According to Stratfor, which
has links with US intelligence and other government agencies, both Musharraf
and Bush are publicly positioning themselves for more intensive operations
by the US military inside Pakistan itself. Mired in crisis, the Bush
administration is desperately looking for a foreign policy “success”
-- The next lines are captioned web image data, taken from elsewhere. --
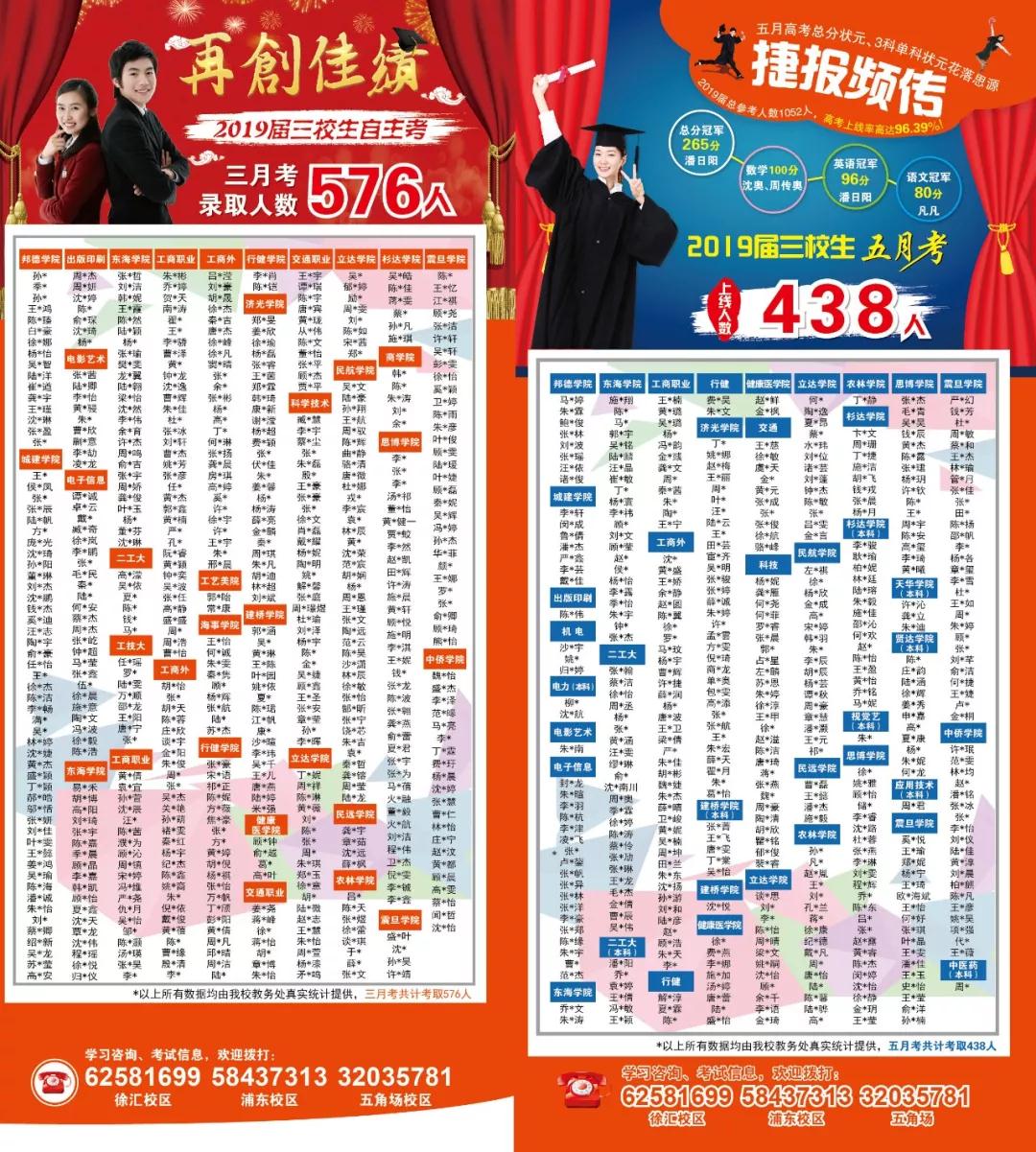 未雨綢繆 備戰(zhàn)高考！思源教育2020屆三校生高復(fù)班秋季家長會隆重召開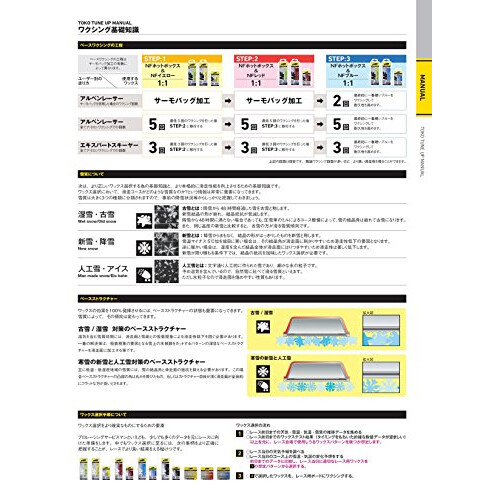 Toko Ergo Race Tuner 2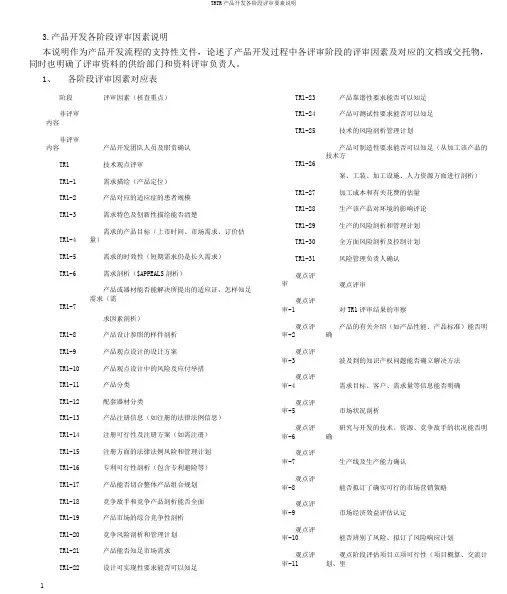 TRTR产品开发各阶段评审要素说明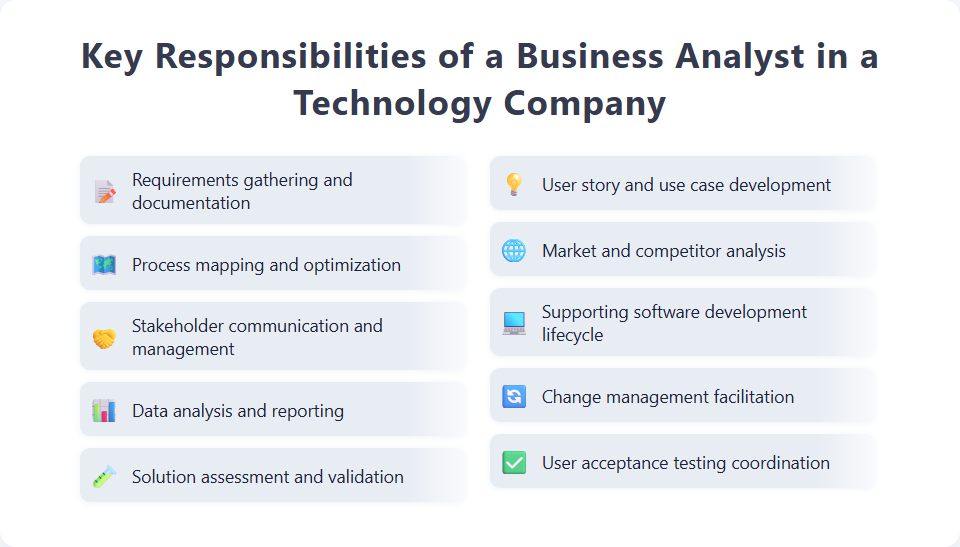 Key Responsibilities of a Business Analyst in a Technology Company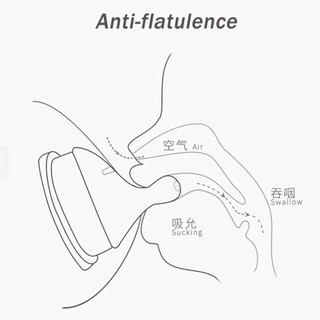 Núm Vú Giả Cho Bình Sữa Em Bé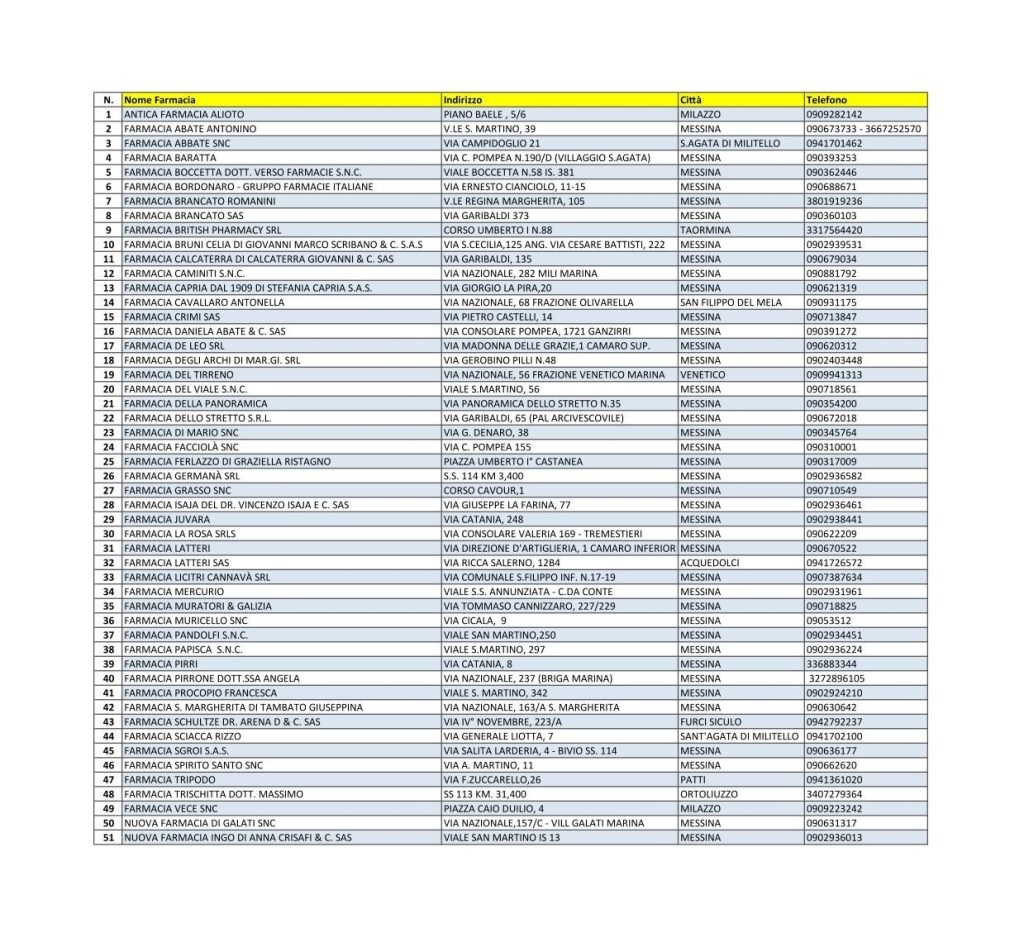 giornale del farmaco raccolta 2025 farmacie aderenti messina
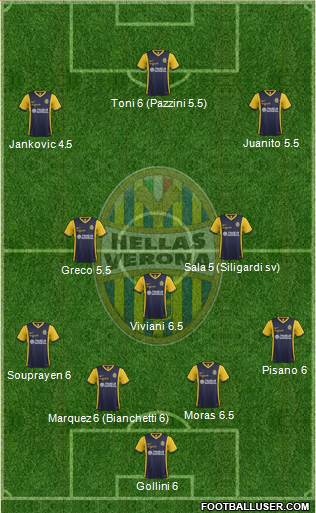 Hellas Verona Formation 2015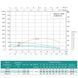 Насос свердловинний SHIMGE 4SP(m) 3/7-0.37 кВт, Н49(35)м, Q80(50) л/хв, &Oslash;96 мм 1044688 фото 3
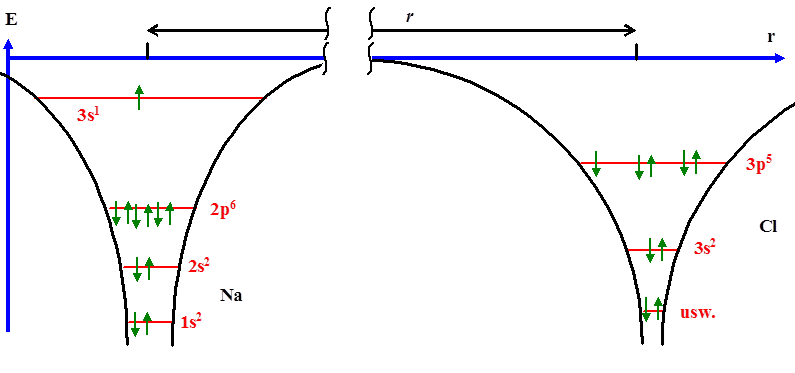 Potentialtopf 
der Elektronen im isolierten Na und Cl Atom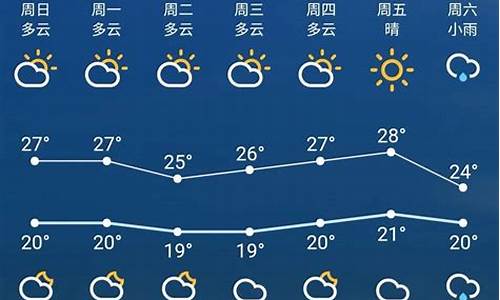 往年国庆江苏天气情况_江苏国庆节温度一般多少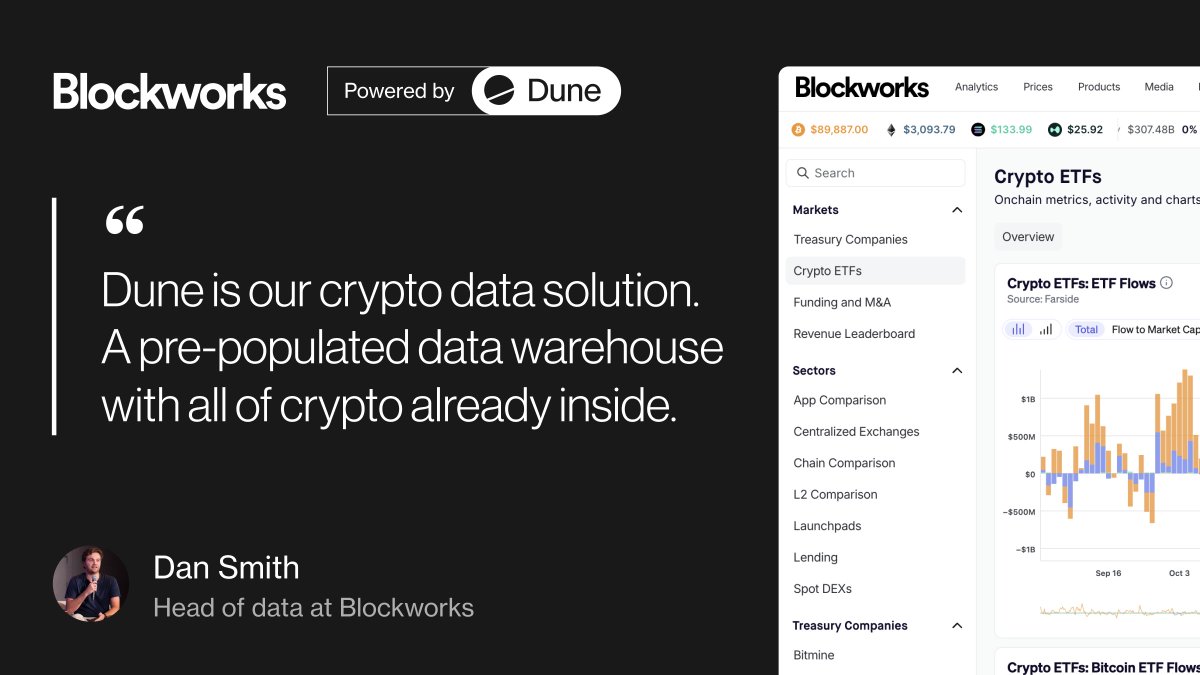 Onchain data is the backbone of Web3 adoption. From retail, builders to  Web3 teams and institutional players, the entire crypto economy leaves its  footprint onchain. We are proud to empower teams like @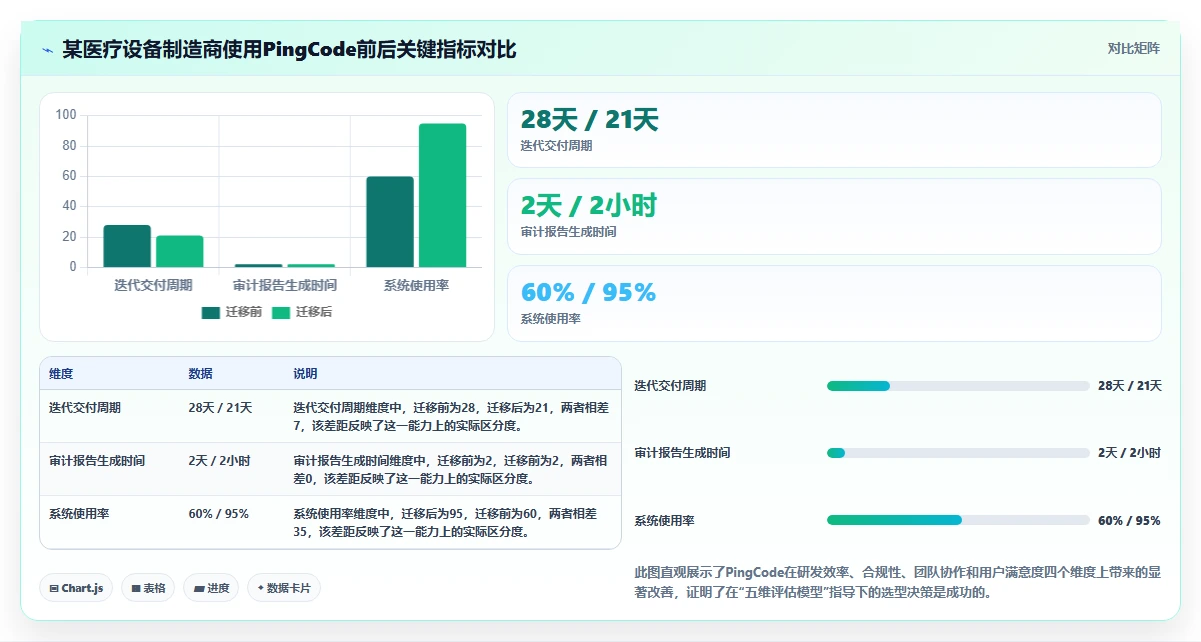 医疗健康行业产品管理系统哪个好用?2026年主流工具选型测评指南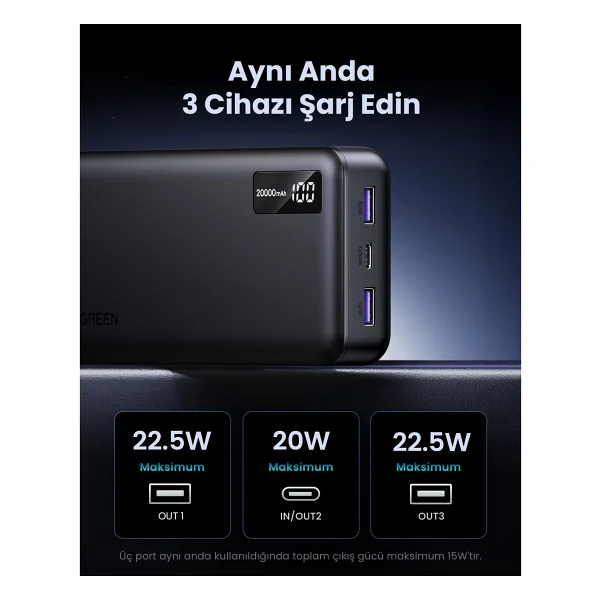 Ugreen Pb312 25683 20000 mAh Hızlı Şarj Powerbank - Görsel 6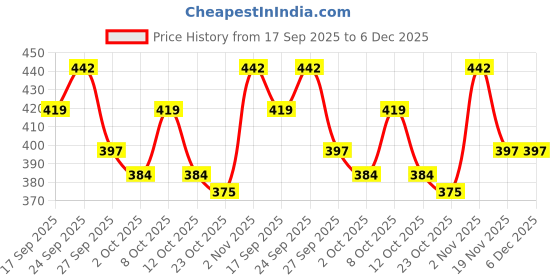 flipkart.com d.b.z. Nail Art Stamping Plate Kit - 2 Image Stamping 1 Stamper 1 Box Fruit d.b.z. Price History Graph from 17 Sep 2025 to 5 Dec 2025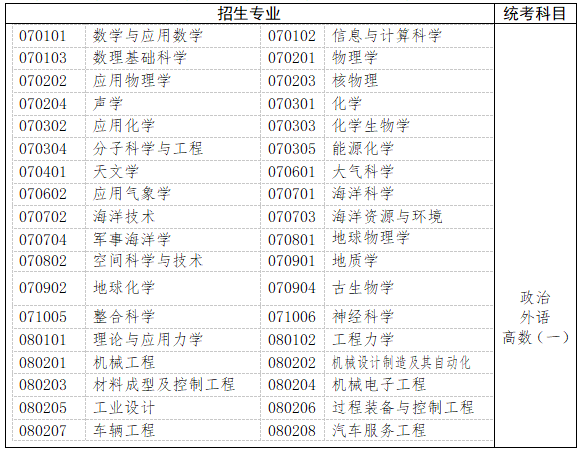 　　三、工學、理學(生物科學類、地理科學類、心理學類等除外)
such as the capture or killing of a top Al Qaeda leader ahead of the
upcoming November congressional elections
The US elite, Pakistan, and Islamic fundamentalism
While Musharraf now boasts
that he “war-gamed” the US in September 2001 before deciding
that he best bow to Washington’s demands, the Pakistani elite
never anticipated, let alone wanted, its geo-political maneuvers in
Afghanistan to place it on a collision course with Washington. This
is especially true of the Pakistani military, which has a decades-long
close partnership with the Pentagon.
It was the US after all,
under the Democrat Jimmy Carter and subsequent Republican administrations,
which pressed Pakistan to play a pivotal role in transforming Afghanistan
into a Cold War battlefield.
At the US’s behest,
Pakistan took a leading role in organizing the Afghan Mujahidin and
served for a decade as the conduit for sending US and Saudi Arabian
money and arms and foreign Islamicist fighters to Afghanistan, thereby
planting the seeds from which Al Qaeda and the Taliban sprung in the
1990s.
After Soviet troops were
withdrawn from Afghanistan, the US effectively washed its hands of Afghanistan.
This left the Pakistani elite free to try to realize its own ambitions
of using Afghanistan to give it “strategic depth” in its
confrontation with India and to serve as a gateway to the oil-rich post-Soviet
Central Asian republics. But the Clinton administration did support
the coming to power of the Pakistani-backed Taliban. Just as it cynically
allied with Islamic fundamentalists elements and various other communalist
forces, while singling out Serb chauvinist atrocities for denunciation,
in the dismembering of Yugoslavia.
One further point should
be made.
The US establishment maintains
that it was the January 1980 Soviet invasion of Afghanistan that drove
it to forge a strategic alliance with Pakistan’s then military
dictator Zia-ul Haq.
The truth is the US was more
than happy to see Zia depose Ali Bhutto, Pakistan’s populist,
democratically-elected prime minister, in 1977. And, Washington’s
plan, of which Zbigniew Brzezinski’s now boasts, to goad the Soviet
Union into invading Afghanistan by stoking an Islamic opposition to
the secular, pro-Soviet government, was always predicated on the fact
that the US would be able to arm the Afghan Islamicist opposition through
Pakistan.
If relations between the
Carter administration and Zia soured for a time in 1979 it was principally
because the Pakistani government was pursuing nuclear weapons in defiance
of the US.
No sooner had the Soviets
invaded Afghanistan, than the Carter administration came running to
Zia with an offer of economic aid. On assuming office the Reagan administration
embraced Brzezinski’s strategy and soon made Zia’s regime
the third largest recipient of foreign aid.
The US-backed Zia regime
presided over the “Islamicization” of Pakistan. It provided
state patronage to right-wing religious parties, encouraged religious
organizations to assume social and educational functions the state was
no longer prepared to finance, introduced laws discriminating against
women and minorities, and helped generate sectarian religious divisions
that continue to plague Pakistan. As for Pakistan’s involvement
in the Afghan civil war, not only did it give a major boost to the growth
of fundamentalist religious-political organizations and provide a new
source of power and influence to the military and its intelligence agencies,
it also contributed to the development of a host of social problems
in Pakistan, from drugs to a Kalashnikov-culture.
The Bush administration’s
threat to wage war on Pakistan in 2001 and subsequent fulsome embrace
of the dictator Musharraf as a major US ally in the “war on terror”
is only the latest in a long series of events in which the US elite,
in pursuit of its own predatory geo-political objectives, has shown
itself to be utterly indifferent, in fact hostile, to the Pakistani
people and their most elementary democratic rights.